Dune: Spice Wars – More information about the new Grand Strategy Game based on Frank Herbert’s famous universe

The breakneck competition, politics, and warfare in Frank Herbert’s Dune novels are a perfect fit for strategy games, and Northgard developers Shiro Games are looking to capitalize on this with their upcoming RTS / 4X, Dune: Spice Wars. Spice Wars will hit Early Access next year and use cunning, military might and careful resource management to get us to control Arrakis as a number of different factions that represent the Big Houses and other important groups in the area.

The action takes place on a circular map depicting the North Pole of Arrakis and we have the option to roll up a random version or use an “official” configuration that is very faithful to the description in the books. Although the whole planet is of course a large desert, the developers went out of their way to make sure that not everything feels like one large, homogeneous sandbox.
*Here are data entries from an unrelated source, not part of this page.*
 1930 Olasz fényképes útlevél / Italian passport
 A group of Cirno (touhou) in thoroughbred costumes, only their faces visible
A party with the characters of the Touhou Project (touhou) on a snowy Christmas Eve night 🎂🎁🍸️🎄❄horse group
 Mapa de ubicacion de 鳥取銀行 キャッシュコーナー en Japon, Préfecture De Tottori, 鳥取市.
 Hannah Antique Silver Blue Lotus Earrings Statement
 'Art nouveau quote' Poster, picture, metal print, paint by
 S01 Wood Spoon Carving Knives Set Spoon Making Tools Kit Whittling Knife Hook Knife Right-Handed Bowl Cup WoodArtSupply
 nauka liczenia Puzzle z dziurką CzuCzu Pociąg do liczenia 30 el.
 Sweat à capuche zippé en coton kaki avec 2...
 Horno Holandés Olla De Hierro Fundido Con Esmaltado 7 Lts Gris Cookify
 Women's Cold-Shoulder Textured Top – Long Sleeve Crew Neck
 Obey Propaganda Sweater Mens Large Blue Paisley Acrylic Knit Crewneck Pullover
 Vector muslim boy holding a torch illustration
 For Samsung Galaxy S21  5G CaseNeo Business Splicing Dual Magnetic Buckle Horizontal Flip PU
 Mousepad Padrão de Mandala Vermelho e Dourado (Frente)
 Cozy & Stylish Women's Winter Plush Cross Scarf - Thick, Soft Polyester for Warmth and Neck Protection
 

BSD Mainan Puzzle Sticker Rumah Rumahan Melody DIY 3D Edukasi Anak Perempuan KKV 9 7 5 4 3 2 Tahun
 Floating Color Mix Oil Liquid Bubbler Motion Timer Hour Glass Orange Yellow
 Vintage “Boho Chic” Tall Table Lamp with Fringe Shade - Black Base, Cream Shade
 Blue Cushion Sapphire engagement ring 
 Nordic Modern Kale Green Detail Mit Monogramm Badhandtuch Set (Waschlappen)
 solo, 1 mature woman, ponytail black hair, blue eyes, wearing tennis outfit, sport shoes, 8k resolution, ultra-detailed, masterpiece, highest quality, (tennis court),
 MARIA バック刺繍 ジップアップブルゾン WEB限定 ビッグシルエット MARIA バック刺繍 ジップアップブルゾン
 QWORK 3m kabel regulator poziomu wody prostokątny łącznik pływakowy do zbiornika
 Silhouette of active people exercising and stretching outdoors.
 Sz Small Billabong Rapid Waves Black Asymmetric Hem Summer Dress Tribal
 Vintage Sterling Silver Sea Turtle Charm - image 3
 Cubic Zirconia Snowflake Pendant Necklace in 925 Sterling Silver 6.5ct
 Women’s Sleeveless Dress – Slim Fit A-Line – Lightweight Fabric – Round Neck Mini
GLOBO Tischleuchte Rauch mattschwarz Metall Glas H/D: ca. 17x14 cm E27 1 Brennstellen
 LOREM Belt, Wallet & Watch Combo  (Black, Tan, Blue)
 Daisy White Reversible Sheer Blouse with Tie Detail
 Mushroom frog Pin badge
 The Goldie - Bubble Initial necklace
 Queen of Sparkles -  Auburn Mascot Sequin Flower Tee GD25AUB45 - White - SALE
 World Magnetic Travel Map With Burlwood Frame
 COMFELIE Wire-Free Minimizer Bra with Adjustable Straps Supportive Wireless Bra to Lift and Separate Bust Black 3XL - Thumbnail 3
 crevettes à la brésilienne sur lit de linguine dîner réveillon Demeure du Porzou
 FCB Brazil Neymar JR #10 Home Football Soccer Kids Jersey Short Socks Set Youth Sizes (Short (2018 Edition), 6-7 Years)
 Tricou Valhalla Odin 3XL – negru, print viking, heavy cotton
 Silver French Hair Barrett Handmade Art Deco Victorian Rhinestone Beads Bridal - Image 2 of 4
They even consulted a geologist to try and find enough visually and mechanically distinct types of dry terrain to keep things interesting.

Dune: Spice Wars – Official concept art and screenshots

Rocky areas are valuable as they offer some safety from the worms. Deep Deserts are the opposite: they act almost like seas in a Civilization game, and just venturing into them is suicidally dangerous until you unlock later techs. All military units are limited by supplies that can be depleted very quickly in unyielding environments. And of course, the worms are a ubiquitous threat as all of your units create vibrations that attract them. If one shows up, your only option is usually to evacuate the area until it disappears.

Open house

The ruler of Dune can be achieved in three ways: you can completely crush all your rivals, be made governor through political maneuvers, or achieve a point-based hegemony victory that can vary from faction to faction. The two factions revealed so far are House Atreides and House Harkonnen. True to its lore, the former has more options for diplomacy and indirect control, while the latter focuses on brutal military supremacy.

The choice of house isn’t the end of the story either, as you also choose a small number of consulates for each new campaign. These sub-leaders come from the characters in your faction and can further customize your play style. For example, Lady Jessica is a skilled politician, while Duncan Idaho takes advantage of her military.

Spices will of course be the main resource and the main way of getting money. The price will fluctuate over time and you always have to decide how much to sell and how much to store to take advantage of it. At launch there won’t be a full supply and demand system so you can’t flood the market to suddenly drop the price or hoard your stocks to keep them high, but developers are interested in getting this type of system take a closer look at the first early access version later. Also, you always owe the Emperor a small spice tax, which has dire consequences if you don’t pay it.


The Emperor is not the only political power in the galaxy, however, and interaction with the Landsraad, a ruling council of powerful houses, will also bring its own challenges and opportunities. This is your main link to the bigger game beyond Arrakis, where you can vote on resolutions to help yourself and / or hinder your enemies. If you play your cards right you can make a profit by being named governor of Arrakis. And not all maneuvers are done outdoors.

Espionage will also be an important system, although you can choose to specialize in it a lot or barely touch it. The ideal Shiro sees for these shadow games is to reward players who can correctly predict what their enemies will do. For example, your agents could launch an operation to seriously obstruct an oncoming enemy army if you know the route of attack they want to pursue. You should feel smart reading the board and letting the enemy play into your hands like a chess master, rather than just being rewarded for the haphazard use of spies.

Meanwhile, we’ll come across side stories that can be anything from a one-off event involving the recovery of a fallen ornithopter to a multi-stage event embroiled in a political deception. The developers strive for a balance between the natural storytelling that comes from the AI ​​Baron Harkonnen you play against, well … who acts like Baron Harkonnen, and more handcrafted mini-stories like this one. They cited Stellaris as a point of comparison, although each campaign should only last a few hours as opposed to dozen.

We’ll be able to pack our bags and head to Arrakis when Dune: Spice Wars hits Early Access sometime in 2022.